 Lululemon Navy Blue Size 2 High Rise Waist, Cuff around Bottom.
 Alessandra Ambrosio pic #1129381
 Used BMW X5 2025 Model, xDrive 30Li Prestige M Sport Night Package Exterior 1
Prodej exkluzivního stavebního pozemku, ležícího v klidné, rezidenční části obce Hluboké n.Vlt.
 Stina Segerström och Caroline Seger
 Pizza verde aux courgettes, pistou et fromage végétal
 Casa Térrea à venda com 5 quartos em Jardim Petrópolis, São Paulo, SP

************

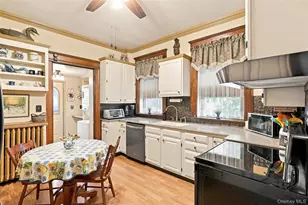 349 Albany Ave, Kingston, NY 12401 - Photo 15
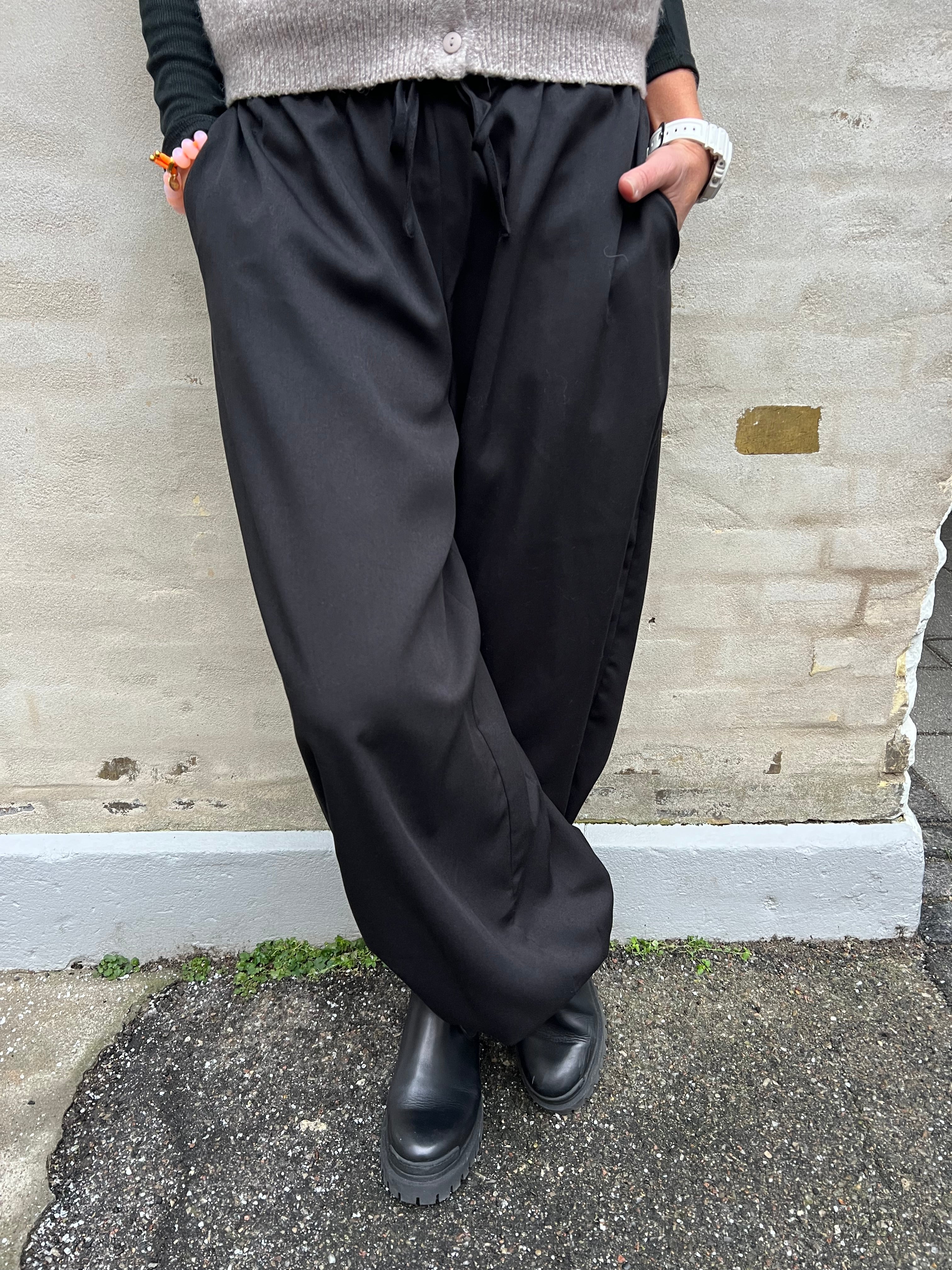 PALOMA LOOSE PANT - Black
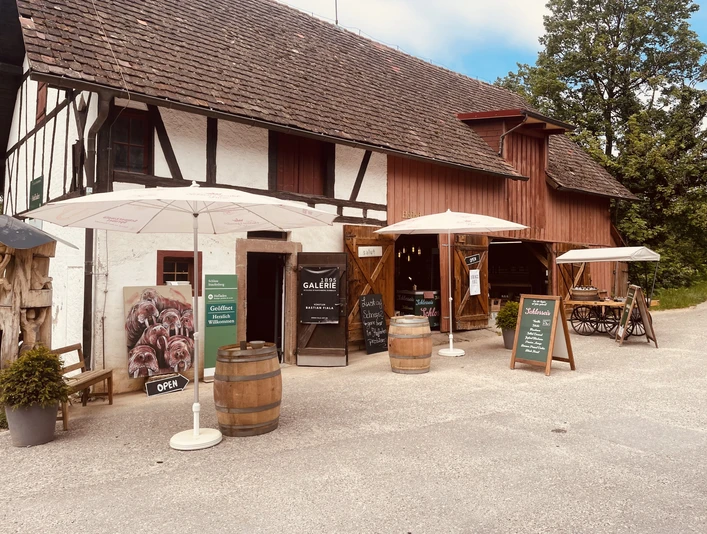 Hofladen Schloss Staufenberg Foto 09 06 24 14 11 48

************

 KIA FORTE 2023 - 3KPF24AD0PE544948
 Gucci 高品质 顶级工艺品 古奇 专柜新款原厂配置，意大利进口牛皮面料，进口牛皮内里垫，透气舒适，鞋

************

■ WHAT YOU NEED TO DO:
Taking the entries above, print exactly the lines starting at the line with "Used BMW X5" and ending at the line with "Casa Térrea à", both included.

■ YOUR SOLUTION:
 Used BMW X5 2025 Model, xDrive 30Li Prestige M Sport Night Package Exterior 1
Prodej exkluzivního stavebního pozemku, ležícího v klidné, rezidenční části obce Hluboké n.Vlt.
 Stina Segerström och Caroline Seger
 Pizza verde aux courgettes, pistou et fromage végétal
 Casa Térrea à venda com 5 quartos em Jardim Petrópolis, São Paulo, SP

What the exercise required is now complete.